[DESCRIPTION OF THE TASK]
All lines containing the string "Picture" must be copied from the entries.

[RECORDS FOR THE EXERCISE]
>>>

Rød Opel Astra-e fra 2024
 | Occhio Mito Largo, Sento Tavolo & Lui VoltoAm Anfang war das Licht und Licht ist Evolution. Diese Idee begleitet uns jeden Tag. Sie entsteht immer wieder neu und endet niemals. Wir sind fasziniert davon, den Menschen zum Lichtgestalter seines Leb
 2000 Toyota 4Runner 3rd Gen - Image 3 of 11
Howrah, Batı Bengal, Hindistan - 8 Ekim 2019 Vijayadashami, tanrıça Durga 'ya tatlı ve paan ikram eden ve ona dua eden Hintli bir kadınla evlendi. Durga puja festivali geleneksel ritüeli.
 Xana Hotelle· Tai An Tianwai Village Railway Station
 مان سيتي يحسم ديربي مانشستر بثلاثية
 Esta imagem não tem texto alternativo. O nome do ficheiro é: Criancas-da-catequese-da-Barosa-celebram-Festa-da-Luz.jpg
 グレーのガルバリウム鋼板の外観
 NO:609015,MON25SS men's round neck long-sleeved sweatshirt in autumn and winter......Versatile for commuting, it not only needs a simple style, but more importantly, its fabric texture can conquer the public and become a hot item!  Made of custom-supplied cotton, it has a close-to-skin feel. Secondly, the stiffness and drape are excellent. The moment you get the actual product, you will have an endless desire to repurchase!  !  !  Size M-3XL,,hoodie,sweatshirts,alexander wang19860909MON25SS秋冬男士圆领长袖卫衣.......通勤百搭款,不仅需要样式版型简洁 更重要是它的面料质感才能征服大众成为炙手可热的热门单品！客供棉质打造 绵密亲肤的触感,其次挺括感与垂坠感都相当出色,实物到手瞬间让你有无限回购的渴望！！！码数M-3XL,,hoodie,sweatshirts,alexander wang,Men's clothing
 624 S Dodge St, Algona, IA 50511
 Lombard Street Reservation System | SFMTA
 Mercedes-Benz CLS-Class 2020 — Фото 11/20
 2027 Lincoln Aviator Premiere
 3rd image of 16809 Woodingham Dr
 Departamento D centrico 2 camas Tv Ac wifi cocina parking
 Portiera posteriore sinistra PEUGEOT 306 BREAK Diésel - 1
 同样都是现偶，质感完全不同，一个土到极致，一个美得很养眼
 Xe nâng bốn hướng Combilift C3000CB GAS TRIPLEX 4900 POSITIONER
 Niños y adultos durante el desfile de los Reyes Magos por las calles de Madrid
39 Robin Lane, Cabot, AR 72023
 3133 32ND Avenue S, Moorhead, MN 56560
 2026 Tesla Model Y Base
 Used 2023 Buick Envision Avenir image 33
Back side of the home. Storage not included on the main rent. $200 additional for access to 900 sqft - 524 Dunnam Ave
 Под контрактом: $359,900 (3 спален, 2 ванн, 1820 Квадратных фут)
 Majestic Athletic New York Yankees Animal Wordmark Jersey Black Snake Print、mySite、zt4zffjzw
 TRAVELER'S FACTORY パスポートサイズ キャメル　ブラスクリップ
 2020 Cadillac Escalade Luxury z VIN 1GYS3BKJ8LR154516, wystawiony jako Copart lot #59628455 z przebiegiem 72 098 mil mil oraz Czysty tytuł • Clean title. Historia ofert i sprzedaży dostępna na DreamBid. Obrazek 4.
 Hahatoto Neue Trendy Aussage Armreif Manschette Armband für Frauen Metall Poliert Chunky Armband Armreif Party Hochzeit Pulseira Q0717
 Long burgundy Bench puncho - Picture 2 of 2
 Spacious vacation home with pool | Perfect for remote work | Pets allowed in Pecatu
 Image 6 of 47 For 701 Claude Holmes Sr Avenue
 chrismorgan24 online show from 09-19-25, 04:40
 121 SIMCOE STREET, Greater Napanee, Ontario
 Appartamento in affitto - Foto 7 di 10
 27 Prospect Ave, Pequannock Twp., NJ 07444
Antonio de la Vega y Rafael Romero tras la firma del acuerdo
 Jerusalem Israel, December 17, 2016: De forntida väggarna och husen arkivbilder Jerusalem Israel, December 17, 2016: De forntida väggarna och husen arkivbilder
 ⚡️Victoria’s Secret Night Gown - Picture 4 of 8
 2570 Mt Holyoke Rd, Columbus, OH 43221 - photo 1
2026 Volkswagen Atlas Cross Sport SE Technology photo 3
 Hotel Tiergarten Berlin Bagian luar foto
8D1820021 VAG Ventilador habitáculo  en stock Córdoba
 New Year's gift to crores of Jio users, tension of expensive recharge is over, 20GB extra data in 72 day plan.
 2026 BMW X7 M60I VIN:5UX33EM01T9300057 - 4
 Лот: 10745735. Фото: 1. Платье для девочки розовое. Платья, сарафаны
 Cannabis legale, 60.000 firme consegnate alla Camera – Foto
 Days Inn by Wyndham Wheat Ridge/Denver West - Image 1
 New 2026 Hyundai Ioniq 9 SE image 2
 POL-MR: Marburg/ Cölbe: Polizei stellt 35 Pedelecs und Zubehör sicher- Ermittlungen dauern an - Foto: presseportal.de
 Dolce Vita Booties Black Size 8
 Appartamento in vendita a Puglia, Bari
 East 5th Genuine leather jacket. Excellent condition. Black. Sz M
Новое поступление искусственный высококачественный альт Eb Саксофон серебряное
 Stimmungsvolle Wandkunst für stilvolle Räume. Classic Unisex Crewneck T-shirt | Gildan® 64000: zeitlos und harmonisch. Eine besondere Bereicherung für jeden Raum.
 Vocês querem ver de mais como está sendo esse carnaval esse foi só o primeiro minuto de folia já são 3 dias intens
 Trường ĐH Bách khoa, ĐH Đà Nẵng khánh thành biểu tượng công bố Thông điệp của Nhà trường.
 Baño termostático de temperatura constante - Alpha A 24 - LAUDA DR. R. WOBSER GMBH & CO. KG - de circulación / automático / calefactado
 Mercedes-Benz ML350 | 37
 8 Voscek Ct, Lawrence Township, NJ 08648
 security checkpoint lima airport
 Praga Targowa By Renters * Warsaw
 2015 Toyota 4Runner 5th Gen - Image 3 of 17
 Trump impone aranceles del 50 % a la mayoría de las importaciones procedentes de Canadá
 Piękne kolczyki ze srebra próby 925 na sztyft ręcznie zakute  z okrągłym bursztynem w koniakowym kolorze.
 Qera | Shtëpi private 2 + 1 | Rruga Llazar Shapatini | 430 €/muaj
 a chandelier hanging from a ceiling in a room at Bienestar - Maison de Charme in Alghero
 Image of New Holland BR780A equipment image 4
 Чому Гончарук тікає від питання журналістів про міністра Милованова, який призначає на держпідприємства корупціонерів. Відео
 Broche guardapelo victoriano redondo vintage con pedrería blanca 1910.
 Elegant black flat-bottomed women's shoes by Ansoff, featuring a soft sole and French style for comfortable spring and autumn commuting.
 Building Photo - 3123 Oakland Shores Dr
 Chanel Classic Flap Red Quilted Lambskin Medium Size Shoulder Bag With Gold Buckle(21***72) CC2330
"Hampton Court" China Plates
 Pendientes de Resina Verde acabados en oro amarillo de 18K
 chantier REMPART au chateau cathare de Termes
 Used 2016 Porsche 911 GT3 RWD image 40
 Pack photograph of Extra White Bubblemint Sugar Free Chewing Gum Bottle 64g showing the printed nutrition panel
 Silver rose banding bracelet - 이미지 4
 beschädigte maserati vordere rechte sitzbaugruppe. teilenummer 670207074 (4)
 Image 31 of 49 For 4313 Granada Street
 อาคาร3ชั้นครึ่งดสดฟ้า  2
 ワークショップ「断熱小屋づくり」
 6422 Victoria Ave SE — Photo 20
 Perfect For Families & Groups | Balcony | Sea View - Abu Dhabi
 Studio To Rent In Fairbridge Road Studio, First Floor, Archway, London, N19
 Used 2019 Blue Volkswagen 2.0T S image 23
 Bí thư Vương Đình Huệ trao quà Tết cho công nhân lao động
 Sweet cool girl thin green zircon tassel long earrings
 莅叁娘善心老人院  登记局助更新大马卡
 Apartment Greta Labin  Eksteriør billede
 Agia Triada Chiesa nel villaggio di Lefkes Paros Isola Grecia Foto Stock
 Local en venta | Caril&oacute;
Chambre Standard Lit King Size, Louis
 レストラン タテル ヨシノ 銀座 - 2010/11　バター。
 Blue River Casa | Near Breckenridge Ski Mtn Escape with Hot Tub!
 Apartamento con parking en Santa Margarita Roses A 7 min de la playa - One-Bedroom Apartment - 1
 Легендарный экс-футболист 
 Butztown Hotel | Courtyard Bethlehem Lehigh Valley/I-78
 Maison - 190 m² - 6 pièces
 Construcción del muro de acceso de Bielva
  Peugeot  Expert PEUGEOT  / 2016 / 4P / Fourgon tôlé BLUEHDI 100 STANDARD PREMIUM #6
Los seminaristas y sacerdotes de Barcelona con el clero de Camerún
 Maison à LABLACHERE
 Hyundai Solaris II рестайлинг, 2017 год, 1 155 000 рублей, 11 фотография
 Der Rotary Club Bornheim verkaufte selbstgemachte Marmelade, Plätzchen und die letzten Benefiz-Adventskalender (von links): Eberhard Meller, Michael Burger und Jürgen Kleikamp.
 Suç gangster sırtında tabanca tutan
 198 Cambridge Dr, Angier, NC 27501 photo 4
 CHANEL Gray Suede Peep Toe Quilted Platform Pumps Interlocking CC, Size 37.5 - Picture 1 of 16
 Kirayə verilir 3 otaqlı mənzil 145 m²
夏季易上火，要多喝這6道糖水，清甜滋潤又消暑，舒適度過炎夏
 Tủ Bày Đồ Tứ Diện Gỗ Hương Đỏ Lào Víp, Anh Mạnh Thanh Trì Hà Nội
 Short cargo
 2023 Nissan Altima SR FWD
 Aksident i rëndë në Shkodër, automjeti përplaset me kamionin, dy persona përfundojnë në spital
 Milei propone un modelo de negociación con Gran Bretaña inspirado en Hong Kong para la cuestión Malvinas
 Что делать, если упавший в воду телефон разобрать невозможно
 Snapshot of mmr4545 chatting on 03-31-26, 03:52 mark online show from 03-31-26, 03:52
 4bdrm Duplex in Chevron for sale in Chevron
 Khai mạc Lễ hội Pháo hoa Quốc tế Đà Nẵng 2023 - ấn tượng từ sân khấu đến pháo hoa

<<<

[ANSWER FOR THIS EXERCISE]
 Long burgundy Bench puncho - Picture 2 of 2
 ⚡️Victoria’s Secret Night Gown - Picture 4 of 8
 CHANEL Gray Suede Peep Toe Quilted Platform Pumps Interlocking CC, Size 37.5 - Picture 1 of 16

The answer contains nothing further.